My wishing to be a yuppie peaked I was twenty-five, living with my parents and husband and firstborn, and waitressing at the Golf Club where the very classmates whose vacations and Victorian mansions and outerwear I had coveted were members. One time I ran into the boy who was Most Popular in eighth grade. We did a little catching up while I waited for a drink order at the bar.
“Can you get me a rum and Coke?” he asked.
I asked the bartender, and asked again when it hadn’t materialized after five minutes.
“I gave it to him,” the bartender said with a frown,”He didn’t need to ask you when he was standing right here.”
When a grade-school friend with whom I’d lost touch got married, I requested not to be assigned to the wait staff at her wedding. My boss was a very sweet lady and she obliged, but she also told me that food service was her profession and that I should never be ashamed of honest work. She was so right, and I was deeply embarrassed for denigrating her vocation (Jackie, I was a snot and I hope you forgive me!) I will never forget that lesson.
During this time I was very conscious of how the other mothers were a good ten to fifteen years older than me, and took their kids to the park outfitted in Dansko clogs and Range Rovers. I picked up an Ann Taylor twinset at a yard sale and strategically placed The Week In Review section of the New York Times beside me on the park bench, but the proletarian Honda Prelude that I drove might as well have had a bumper sticker on it that read “Not a Yuppie.”
Fast forward to 2015, where the onerous restrictions on both federal campaign donations and being a yuppie have been joyfully lifted. Fast forward to the sheer delight that I felt, when after my piece criticizing people who let their dogs run off leash at Woodlands Cemetery was published in West Philly Local, I enraged a motley collection of hipsters, Anarchists, dog-lovers, and the generally disgruntled who called me a yuppie. You don’t have to have a Range Rover! Forget about the house on Nantucket! You don’t even need a briefcase!
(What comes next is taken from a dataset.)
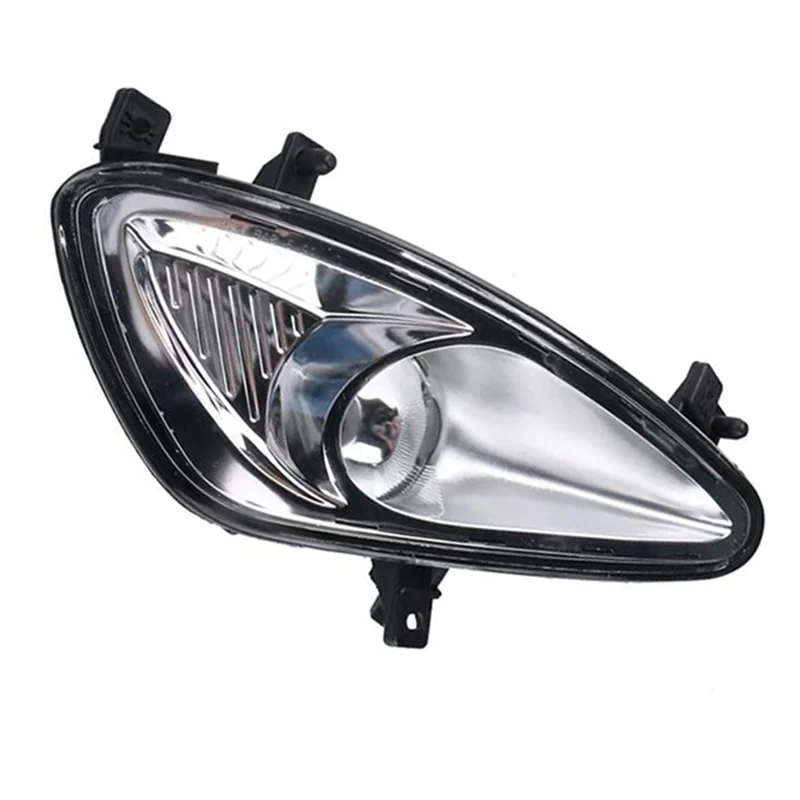 2218200256 Car Front Right Bumper Fog Lights  embly Driving Lamp Foglight for Mercedes-Benz W221 S550 S600 2007-2009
All you have to do is strike a yoga pose and request that dog owners follow the rules.
It was a Dorothy in the Wizard of Oz moment for me. I’d had the power to achieve yuppiedom all along, I just never knew it.
I was baffled and amused, but the irony was not lost on me. Haters, where were you in middle school? Where were you in my twenties? Where were you when I needed you the most?
I am especially pleased that even though the majority of my income comes from Social Security Survivor benefits (yes, commenter-named-Samantha, you correctly intuited that the dog bite I got was the worst thing that ever happened to me, far worse than discovering the dead body of my husband on the floor) even though I make my living as a part-time TA and yoga teacher (how do you think I have the time to write this blog?), I can still, proudly, identify as a yuppie. I’m going to see if I can wrangle a discounted membership to the University City Swim Club next summer.
Marco Rubio is right. This is the land of opportunity.